Tenía solo seis años, apoyada en el hombro de mi abuela miraba por el balcón que daba a la plaza, la persiana a medio abrir, el calor del verano fuera…. “siempre me gustará estar en esta casa”, una sonrisa se dibujó en la anciana boca. Aún sigo asomada al balcón, a la fresca y en la oscuridad casi escucho su respiración cansada.
Tenía siete años cuando hice mi primera Comunión, vestida de organdí blanco, misal de nácar y rosario de plata. En el convite familiar con uno de mis primos me hice una foto, pareja que sonreía a la cámara. Bailamos los dos en el salón un vals, a duras penas, pero un vals que repetimos en varios sitios…. un día le prometí “bailaré siempre contigo este vals, que nos une, que nos separa”… el murió poco después, aún bailo en mi casa antigua, entre la antigua plata, el mismo vals, el mismo disco en tocadisco nuevo pero que suena incluso peor que aquel. Y siento su respiración en cada rincón, en cada foto que adorna la blanca pared.. el mismo vals, la misma tentación, los mismos sentimientos….
Terminé mis estudios en el colegio y estaba a punto de entrar en la universidad; me gustaría que hicieses esta carrera. me dijo mi padre…. “como quieras, pero también estudiaré esta otra que es mi pasión”… hoy aquella que dijo mi padre quedó un poco relegada por su naturaleza, en este país no tiene futuro, quizás si hubiese tomado un avión aquel día, ahora trabajaría quien sabe dónde.
Me adentré en terreno lleno de raíces extrañas, personas de otro pelaje, quizás para alguien que había sido educada en la libertad de una sociedad matriarcal, rompí pronto con esos determinantes más machistas, menos progresista que se hundía en el silencio y la sumisión. A menuda fueron a buscar¡ Esperé lo necesario y cuando fue el momento, decidí saldar la cuenta, dejar a cero todo, casi treinta años de vida pero mereció la pena pues durante este tiempo, lo que fue soledad se convirtió en viajes, en conocer idiomas, en hablar con todo tipo de personas. Ahora en dos años, todo ha vuelto a ser tranquilo, silencioso, lleno de vivencias, poco a poco he encontrado mi casa, la de siempre, la que ahora me ampara. Mis libros coleccionados a través de años; mi música, mis macetas, mis mascotas.. tanto y tanto como me ha acompañado durante años de lucha y trabajo y además de educadora.
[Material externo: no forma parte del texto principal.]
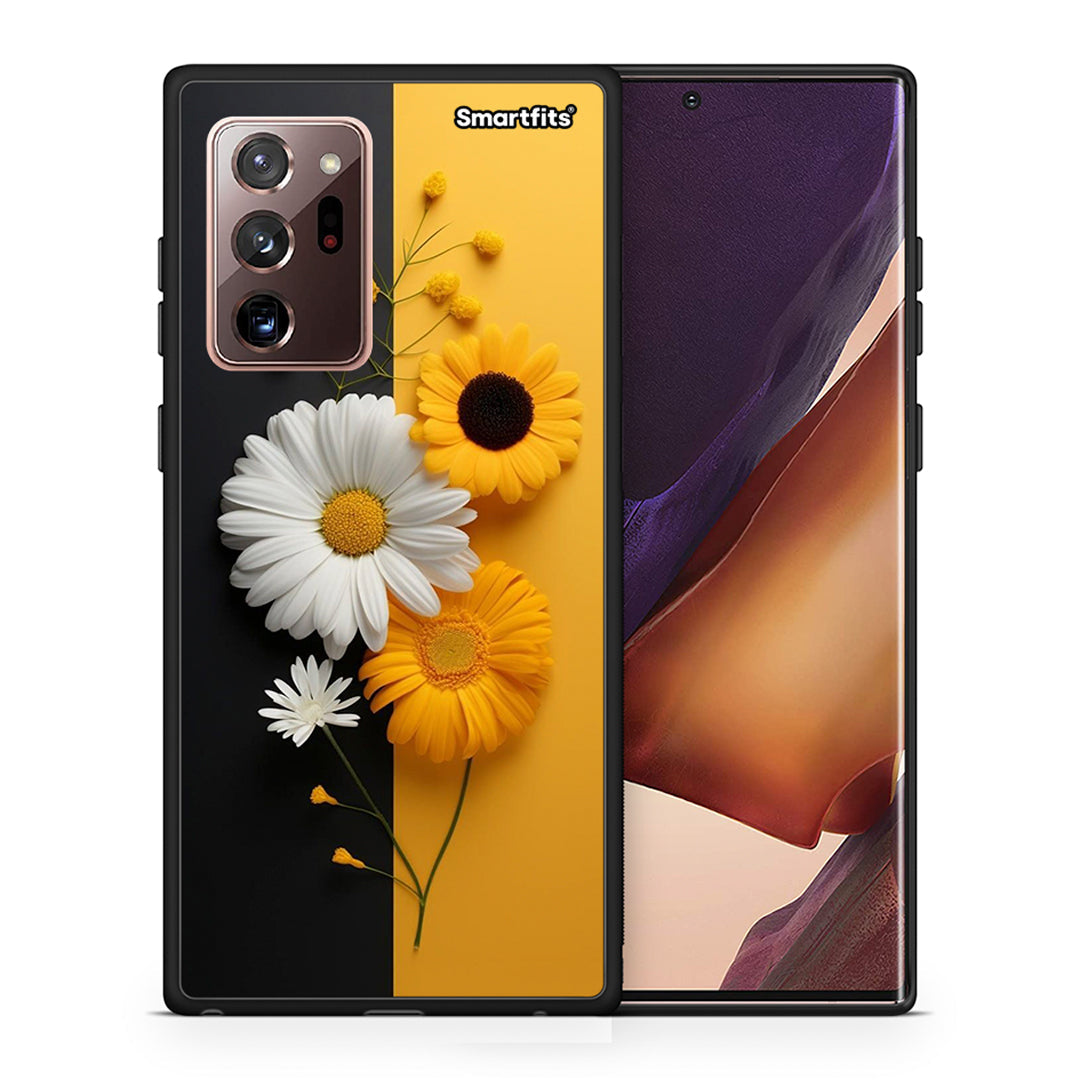 Θήκη Samsung Note 20 Ultra Yellow Daisies από τη Smartfits με σχέδιο στο πίσω μέρος και μαύρο περίβλημα | Samsung Note 20 Ultra Yellow Daisies case with colorful back and black bezels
Vuelvo a mirar por la ventana, el jardín rebota vida, verde, flores de mil colores, palmeras, pájaros que vuelan y cantan. El sol que siempre me ha iluminado, ahora en la sombra me encuentra, porque tengo otras prioridades; los ojos del ayer me observan en silencio, quizás me admiren porque he callado, he esperado, he llegado a donde quería, y nunca los he olvidado.. están siempre a mis espaldas. Los siento cada instante de mi existencia.
Que me gustaría ser en el futuro?, la verdad es que no se que más puedo pedir; quizás me siente en la mecedora de la jubilada, mire por la ventana y vea al mundo correr hacia no se sabe bien donde, con prisas, con alteración y sin alma. Me siento plena, aunque con algunos puntos que cerrar, algo que estudiar en profundidad pero poco más de lo que ya he hecho hasta ahora.
No le pido nada más a la vida, me ha dado tanto y a tantos y en tal cantidad de sentimientos que algunos segundos se han convertido en horas; horas en vida plena, roce de mano en soporte para la duda. No pido nada porque soy lo que quería ser; la vida se ha portado bien conmigo, quizás porque siempre estuve rodeada de los mejores en todos los sentidos y eso marca…
Si, tú, el de siempre…. vuelves?. Aqui me tienes, siempre tuya.